■ GOAL OF THE EXERCISE
Pull out every line from the line containing "Handmade Exotic Mini" through the end of the material, both ends included, and reproduce it exactly. Keep pictures out.

■ EXTRACTED MATERIAL
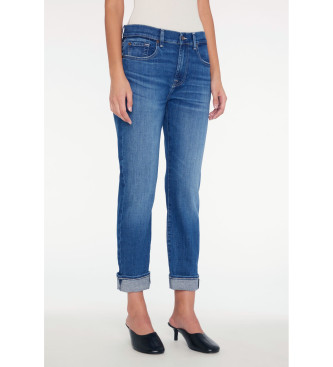 7 For All Mankind para mujer. JSDTC120SM Jeans Boyfriend de talle medio azul (26), Casua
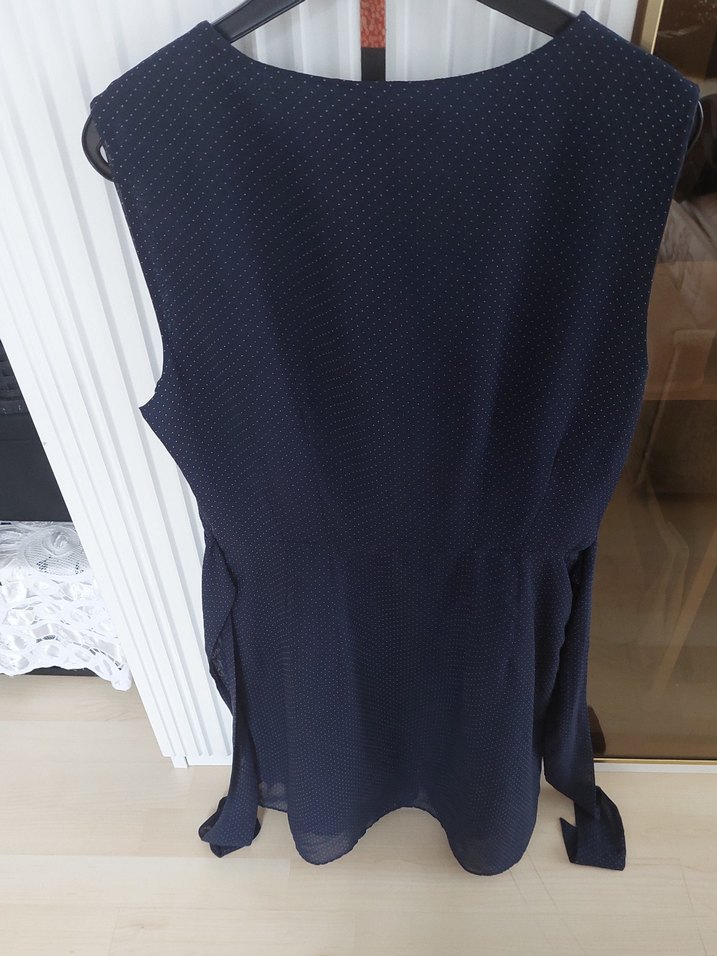 Koton Mavi Piliseli lacivert ellbise - Görsel 5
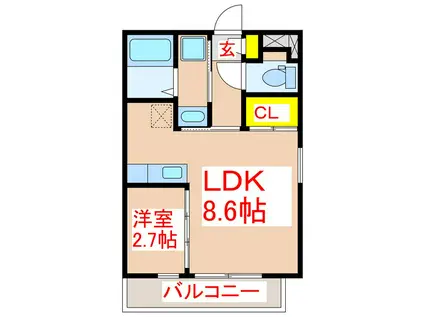 FORSIA 5(1LDK/4階)の間取り写真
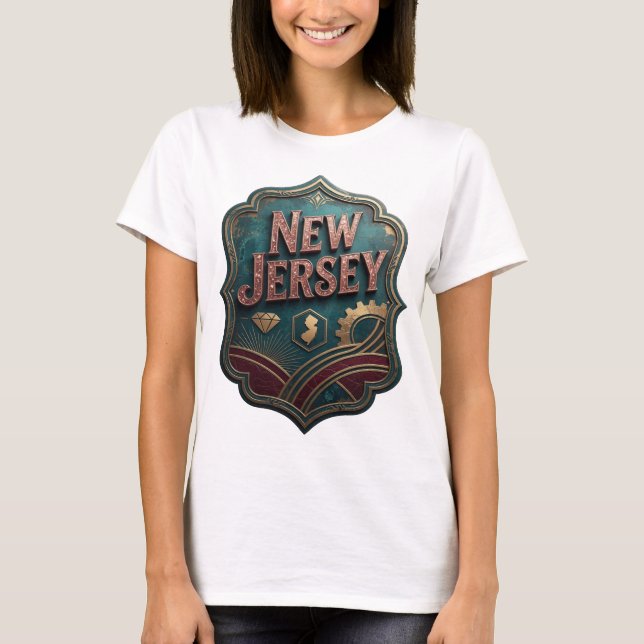 T-shirt Witty Gold NOUVEAU JERSEY Conception de Texte (Devant)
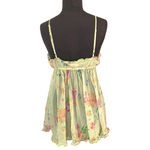 Victoria's Secret Vintage Victoria’s Secret Babydoll Slip Dress Sheer Floral Nightie Women Medium Photo 2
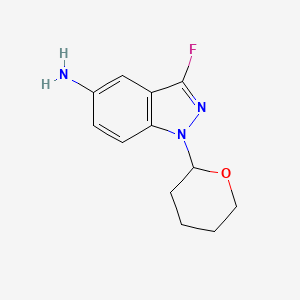 molecular formula C12H14FN3O B15506394 3-Fluoro-1-(tetrahydro-2H-pyran-2-yl)-1H-indazol-5-amine 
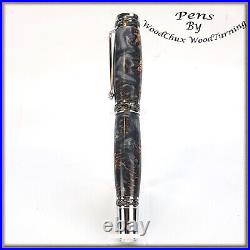 Handmade Exotic Mini Pine Cones & Resin Rollerball Or Fountain Pen ART 1392a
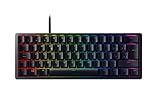 Razer Huntsman Mini - (Interruttore Viola) Tastiera da gaming con fattore di forma al 60% (Interruttori Ottico- a Scatto, Copri Tasti PBT Doubleshot) Layout IT, Nero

■ REPLY
 Handmade Exotic Mini Pine Cones & Resin Rollerball Or Fountain Pen ART 1392a
 Razer Huntsman Mini - (Interruttore Viola) Tastiera da gaming con fattore di forma al 60% (Interruttori Ottico- a Scatto, Copri Tasti PBT Doubleshot) Layout IT, Nero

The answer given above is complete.